The F-term system is used by examiners in the JPO who give appropriate F-terms, together with IPC categories, to each patent document published by the JPO.
As with other patent classification systems, F-terms attached to a patent document do not affect the technical scope of the patent right, they simply serve as an index for patent documents.
The IPC system is similar to the scientific classification of organisms; both being hierarchical classification systems based on a single viewpoint. In contrast, the F-term system is like a picture book that presents various views such as "lives in rainforests" or "creatures having wings". The IPC system could be said to be systematic, while the F-term system is intuitive.

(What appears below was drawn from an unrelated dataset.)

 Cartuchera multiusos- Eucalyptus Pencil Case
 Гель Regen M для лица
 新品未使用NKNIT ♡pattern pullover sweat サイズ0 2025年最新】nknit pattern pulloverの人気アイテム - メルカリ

The F-term system was developed on the principle that computers will be employed for searching documents using the system. This is evident from the fact that F-terms did not appear on patent documents printed on paper before 2000, only being present in the electronic records up to that date. In particular, the system assumes the availability of set operations such as union or intersection, because all applicable F-terms are applied to each document. (See the fictional example below.) This contrasts with the original basic idea of the IPC that each patent document falls into one subgroup only and documents are stored in book stacks.